Trap 1: Cosmological redshift isn't quite the same as an object physically speeding away through fixed space — it's the stretching of space itself carrying the light along with it. The \(v \approx cz\) shortcut is a good approximation for nearby galaxies, but it breaks down at very large distances and redshifts, where the full picture needs general relativity.

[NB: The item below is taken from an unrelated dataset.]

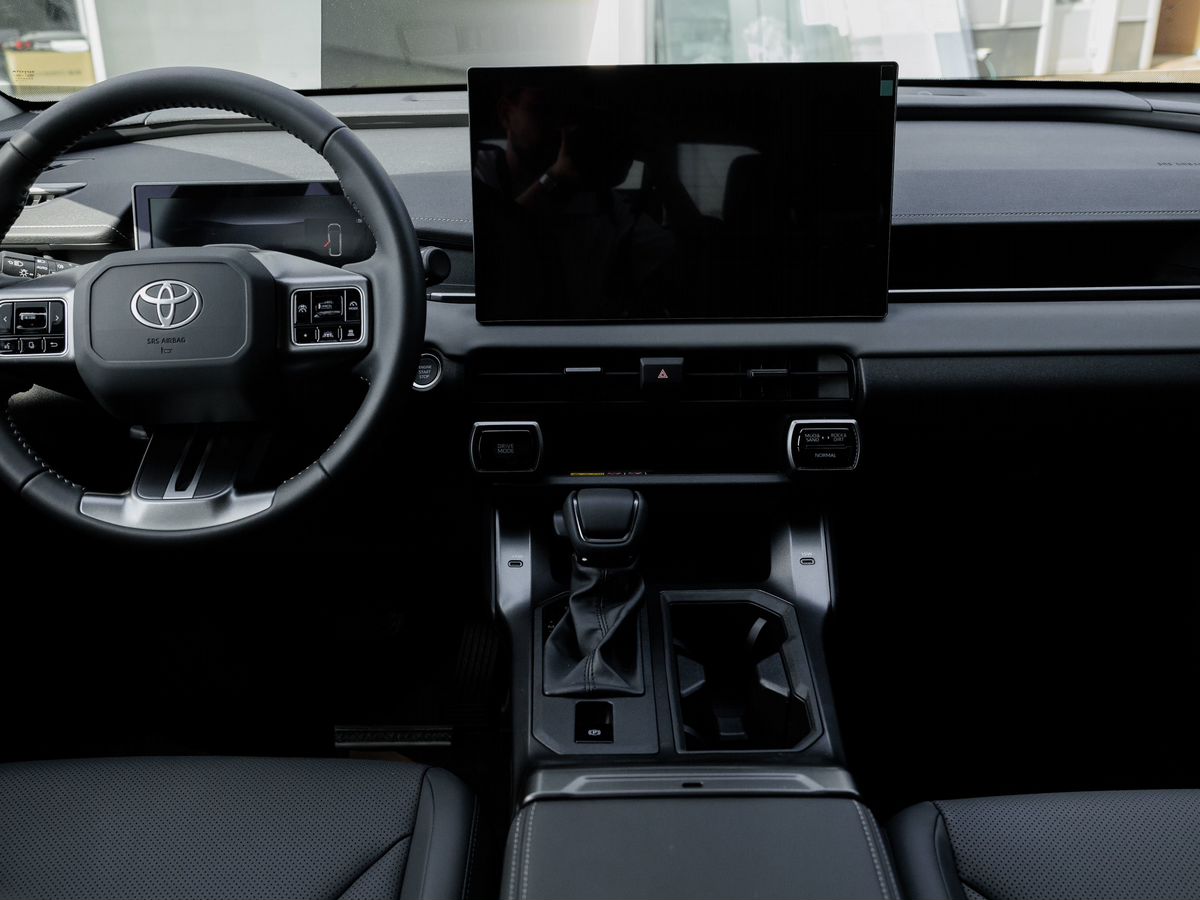 Toyota RAV4 - фото 11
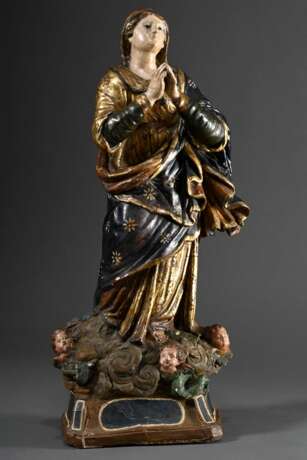 Große Skulptur "Maria Immaculata" auf Wolke mit Engeln, die Schlange zertretend, Ton polychrom gefasst und vergoldet, eingesetzte Glasaugen, Südeuropa 18.Jh., H. 77cm, partiell übermalt, kleine Defekte und Abpl… - photo 1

Trap 2: It's tempting to think Earth sits at the center of the expansion, since everything seems to move away from us specifically. It doesn't. Expansion happens everywhere at once — an observer in any other galaxy would see exactly the same pattern, with every other galaxy receding from them. There is no center.

Check your understanding

1. According to Hubble's Law, a distant galaxy's recession velocity is proportional to what?
Hubble's law is \( v = H_0 d \): recession velocity scales directly with distance, not mass, temperature, or spin.
2. Using Hubble's law with \(H_0 = 70\) km/s/Mpc, what is the recession velocity of a galaxy 150 Mpc away?
\( v = H_0 d = (70 \text{ km/s/Mpc})(150 \text{ Mpc}) = 10{,}500 \) km/s.
3. A galaxy's spectral lines are shifted toward longer (redder) wavelengths. What does this redshift most directly indicate?
A shift toward longer wavelengths — redshift — is the signature of recession: the space the light travels through is stretching, stretching the light's wavelength along with it.
4. Why do astronomers say cosmic expansion has no 'center,' even though every distant galaxy appears to be moving away from Earth?
Expansion happens everywhere in space simultaneously, like dots on an inflating balloon spreading apart. Every location sees the same pattern, so no point is a special 'center.'
✅ Key takeaways
  • Hubble's Law (v = H₀d) says recession velocity grows linearly with distance, with H₀ ≈ 70 km/s per megaparsec.
  • Redshift (z = Δλ/λ ≈ v/c) is how astronomers measure recession: a galaxy's light stretches toward longer wavelengths as the space it travels through expands.
  • Running the expansion backward in time points to a hot, dense beginning — the Big Bang — roughly 13.8 billion years ago; 1/H₀ gives a rough, matching age estimate.
  • Expansion has no center: every location in the universe would see the same pattern of galaxies receding, because space itself is stretching everywhere at once.